In every pedal I've built I've handwritten on the inside of the bottom case (lid?) the date the pedal was finalized, what I've named it, or what it's a clone of, and marked it with my faux brand Firebeard FX. I plan to get little boxes for each one and include a small printout explaining what the controls do and what it's based on. I've never painted any of my pedals, though I've wanted to. I'm perfectly fine with them as they currently are, which is functional and complete. That, to me, is when a guitar pedal build is finalized.

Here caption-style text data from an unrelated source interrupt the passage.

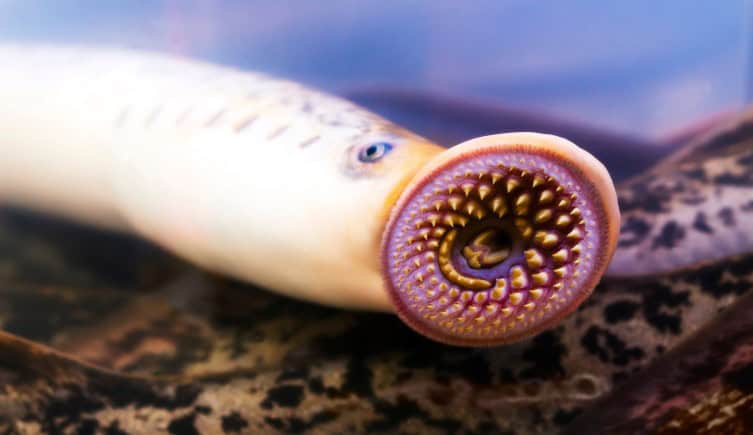 Une étude révèle un fossile de poisson vieux de 407 millions d'années qui révèle l'origine de nos bras et de nos jambes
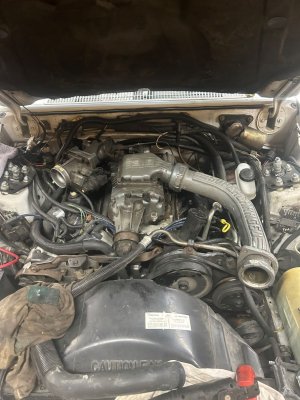 1759620117606.jpeg 1759620117606.jpeg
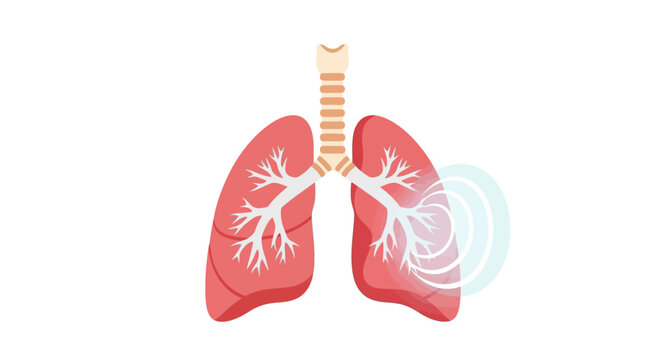 Human lungs with trachea and bronchi.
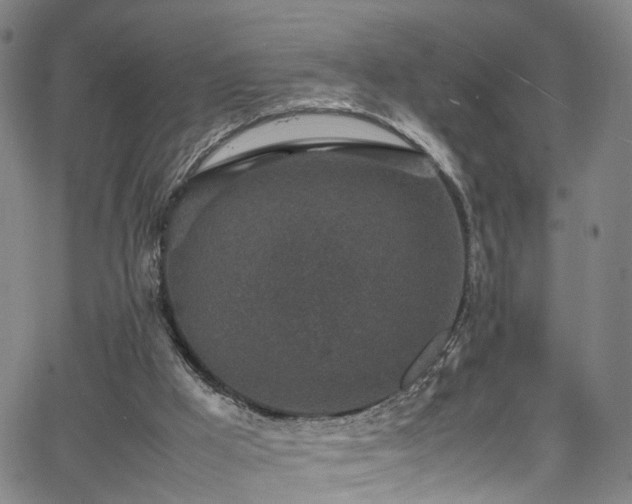 X0000065980009200603061226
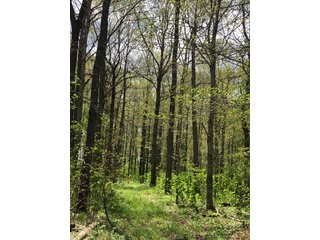 Property photo 48 - LAND AUCTION - 245 +/- ACRES OFFERED IN 6 TRACTS IN RANDOLPH COUNTY, INDIANA
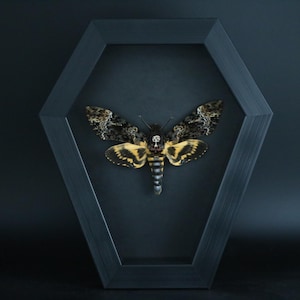 May include: A death's-head hawkmoth specimen displayed inside a black, hexagonal, coffin-shaped shadow box frame. The moth features intricate brown and black patterned wings, a yellow and black striped abdomen, and a distinct skull-like marking.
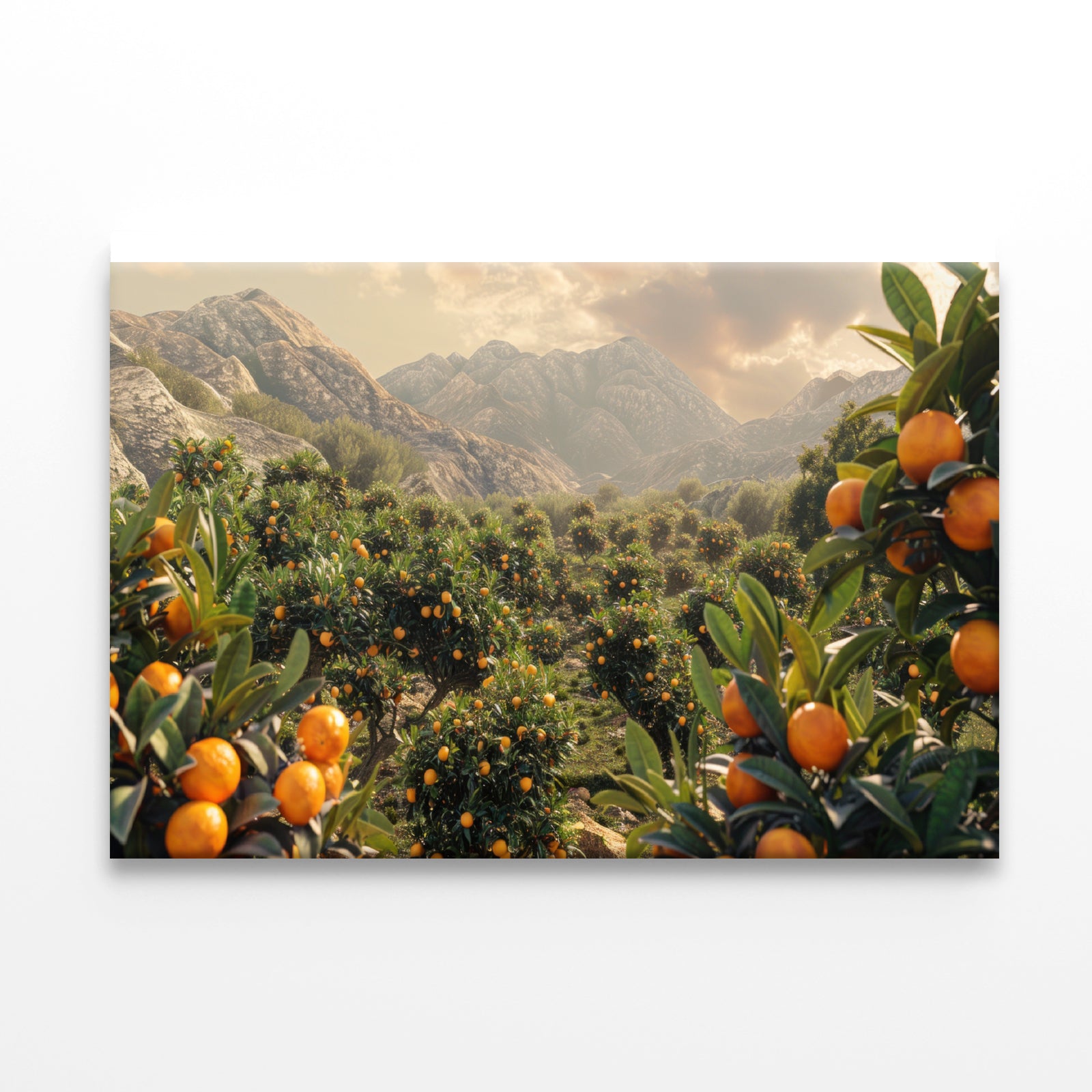 Oranges Growing, Mountain and the Sky Print 100% Australian Made - Bella Home Decor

My thought is that someday I will cease to exist on this planet and only my former belongings and social media will remain. Someday someone might happen upon one of my creations and perhaps fall in love with it, making it a key part of their tone. Hopefully due to curiosity more so than needing to repair it, they will open the pedal and find my handwritten description of the pedal and the date it was built. They might take it a step further and research who Firebeard FX was and be directed to my social media, perhaps sending them on a grand adventure in understanding more about the pedal's creator and the process and care that went into creating it. As I'm writing this I have built thirty pedals in total and I honestly don't want to stop, I just need more reasons to build more pedals beyond sustaining a hobby I thoroughly enjoy (all except that damn wiring!). I would like to build a guitar amp, but that's almost entirely wiring. Ugh!

If you're thinking about getting into the hobby, or already are, and this has helped you, thank you for reading. It really is a fun, fulfilling hobby and I'm glad I took that first step in building my first Bazz Fuss. Trust me, it does get easier the more you build. Also, try to learn as much as you possibly can about what part does what and why when you build a circuit. Who knows, maybe someday we'll start a real pedal company once we understand enough about pedal circuits and how to build our own. It would be nice, no?